Entrevista com Laerte
Como foi seu envolvimento com A Cidade dos Piratas?
O Otto me convidou para fazer um filme do Piratas do Tietê na esteira do Rocky e Hudson, do Adão (Iturrusgarai, no longa de 1994). Eu já tinha um esboço de um argumento para uma história maior, que poderia ser um filme. Fomos trabalhando durante um tempo. Houve várias tentativas de roteiro, que ia e vinha. Também aconteceram vários acidentes da vida, falta de grana, outros projetos, crises, além do Otto ter ficado doente. Eu também fui mudando e fazendo coisas diferentes. Quando a gente se reencontrou anos depois, já tínhamos um outro capital de ideias e experiências. Minha tira diária já tinha mudado muito de natureza, como desenhos e propostas que já eram outras. Ele acabou me propondo um roteiro que se inspirava nessa linguagem mais ou menos anárquica das minhas tiras.
Os personagens de Piratas do Tietê ficaram datados para você?
Parei de fazê-los. Aliás, não faço mais personagens. Durante um tempo fiquei fazendo a Muriel, pois me interessava a ideia de transgênero. Mesmo ela acabei parando de fazer. Os piratas pararam também porque são uma linguagem localizada.
Você não quis aparecer no filme, certo? Se restringiu aos depoimentos com imagens de arquivo.

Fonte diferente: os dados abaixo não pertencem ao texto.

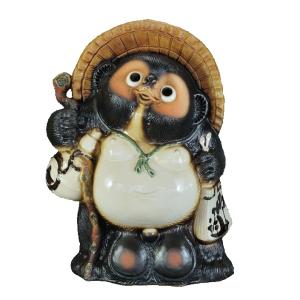 信楽焼たぬき10号 福蛙付開運狸 H31cm : 器屋一信ヤフー店 - 通販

Eu não me restringi, o Otto é que colocou desse jeito (risos). Não sei se eu teria inserido a presença de entrevistas, uma linguagem de televisão, uma coisa transposta. Ele fez e acho que, no final, a coisa toda se harmoniza, pois está discutindo questões pessoais dele, como diretor, e questões pessoais minhas, como autora das histórias. Fica uma meta-meta coisa (risos).
É um filme anárquico e singular, ao costurar diferentes narrativas com uma dimensão contestadora e existencialista, que parece retratar um processo de autoaceitação. O que lhe parece o resultado?
Incrivelmente ficou bom (risos). Otto tem isso, de propostas meio audaciosas, meio porra-louca. Mas que, no fim, dão certo.
Nos seus momentos mais pessoais no filme, parece que há sempre uma procura constante de alguém que não se conforma com os mesmos traços, temas e humor. Podemos enxergar A Cidade dos Piratas como um filme sobre a inconformidade?
Sim! A ideia geral é essa mesmo, uma busca meio permanente. O argumento original dos Piratas seguia a ideia de que esta cidade tal como está hoje ia ser devolvida por termos contratuais para os descendentes de alguém que há 500 anos a alugou para os bandeirantes. Como o contrato venceu, ia ser devolvida do jeito que estava. Esse é o argumento do filme original. É também uma maneira de propor uma espécie de break radical de uma megalópole como São Paulo, que vive de maneira completamente caótica, que tem um sentido de desequilíbrio permanente muito grande. Não sei se a gente chegou a conseguir um resultado bom naquele argumento, a ideia foi outra.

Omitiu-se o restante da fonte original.